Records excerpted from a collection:

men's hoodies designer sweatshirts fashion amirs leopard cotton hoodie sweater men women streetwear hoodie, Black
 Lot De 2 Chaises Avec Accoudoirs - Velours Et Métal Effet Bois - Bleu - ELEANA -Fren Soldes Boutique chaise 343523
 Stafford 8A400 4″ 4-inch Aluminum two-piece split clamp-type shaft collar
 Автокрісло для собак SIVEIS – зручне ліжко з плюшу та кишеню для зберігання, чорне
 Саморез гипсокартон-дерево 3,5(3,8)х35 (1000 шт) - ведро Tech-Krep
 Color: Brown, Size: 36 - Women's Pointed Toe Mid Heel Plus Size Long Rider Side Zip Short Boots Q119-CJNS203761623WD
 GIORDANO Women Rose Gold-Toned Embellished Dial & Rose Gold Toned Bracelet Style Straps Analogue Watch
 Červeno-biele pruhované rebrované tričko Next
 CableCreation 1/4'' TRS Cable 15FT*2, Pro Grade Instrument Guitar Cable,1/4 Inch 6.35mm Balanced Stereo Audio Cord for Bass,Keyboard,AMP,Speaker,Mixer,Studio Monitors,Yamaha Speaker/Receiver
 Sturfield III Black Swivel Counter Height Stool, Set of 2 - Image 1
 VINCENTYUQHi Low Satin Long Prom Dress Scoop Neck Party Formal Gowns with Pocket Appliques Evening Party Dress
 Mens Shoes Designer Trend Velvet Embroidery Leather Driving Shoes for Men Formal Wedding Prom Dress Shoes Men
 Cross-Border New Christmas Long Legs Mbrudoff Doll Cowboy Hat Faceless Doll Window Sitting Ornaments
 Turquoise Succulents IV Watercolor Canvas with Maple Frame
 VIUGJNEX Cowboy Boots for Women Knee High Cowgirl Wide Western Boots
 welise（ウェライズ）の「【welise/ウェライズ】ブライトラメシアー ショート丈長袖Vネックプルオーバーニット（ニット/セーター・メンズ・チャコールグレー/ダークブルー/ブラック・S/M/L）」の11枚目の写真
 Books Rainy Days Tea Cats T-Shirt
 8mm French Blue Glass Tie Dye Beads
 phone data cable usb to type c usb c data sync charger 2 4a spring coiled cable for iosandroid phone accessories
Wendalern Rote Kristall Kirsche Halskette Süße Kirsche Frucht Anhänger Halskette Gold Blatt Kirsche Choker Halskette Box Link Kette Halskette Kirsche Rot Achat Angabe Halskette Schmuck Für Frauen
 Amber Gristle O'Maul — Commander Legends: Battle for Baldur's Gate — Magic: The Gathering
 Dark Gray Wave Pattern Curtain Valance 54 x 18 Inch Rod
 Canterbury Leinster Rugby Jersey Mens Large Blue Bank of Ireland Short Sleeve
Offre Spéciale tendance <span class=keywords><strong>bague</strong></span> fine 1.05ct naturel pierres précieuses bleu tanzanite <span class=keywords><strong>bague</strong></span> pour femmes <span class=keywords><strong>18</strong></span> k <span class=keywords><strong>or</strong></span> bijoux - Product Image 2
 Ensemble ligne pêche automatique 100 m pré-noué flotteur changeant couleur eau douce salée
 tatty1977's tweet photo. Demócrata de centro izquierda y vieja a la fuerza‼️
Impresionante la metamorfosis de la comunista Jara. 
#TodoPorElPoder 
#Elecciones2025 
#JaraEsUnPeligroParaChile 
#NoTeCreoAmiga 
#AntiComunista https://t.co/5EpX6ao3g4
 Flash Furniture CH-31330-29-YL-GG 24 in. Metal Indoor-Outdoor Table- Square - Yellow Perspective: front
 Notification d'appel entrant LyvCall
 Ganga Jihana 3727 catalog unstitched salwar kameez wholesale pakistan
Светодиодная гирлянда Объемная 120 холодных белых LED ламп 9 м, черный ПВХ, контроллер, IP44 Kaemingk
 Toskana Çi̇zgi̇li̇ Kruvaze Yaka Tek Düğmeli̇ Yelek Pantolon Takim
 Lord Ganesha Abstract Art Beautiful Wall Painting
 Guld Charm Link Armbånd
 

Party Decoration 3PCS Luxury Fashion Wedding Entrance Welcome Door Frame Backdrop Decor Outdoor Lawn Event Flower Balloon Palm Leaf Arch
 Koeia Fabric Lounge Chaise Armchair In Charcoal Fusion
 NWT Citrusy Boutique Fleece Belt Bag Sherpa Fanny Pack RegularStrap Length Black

▸ Instructions to follow:
What lines in the data above contain the word "Black"? Show them all.

▸ Expected answer:
men's hoodies designer sweatshirts fashion amirs leopard cotton hoodie sweater men women streetwear hoodie, Black
 Sturfield III Black Swivel Counter Height Stool, Set of 2 - Image 1
 NWT Citrusy Boutique Fleece Belt Bag Sherpa Fanny Pack RegularStrap Length Black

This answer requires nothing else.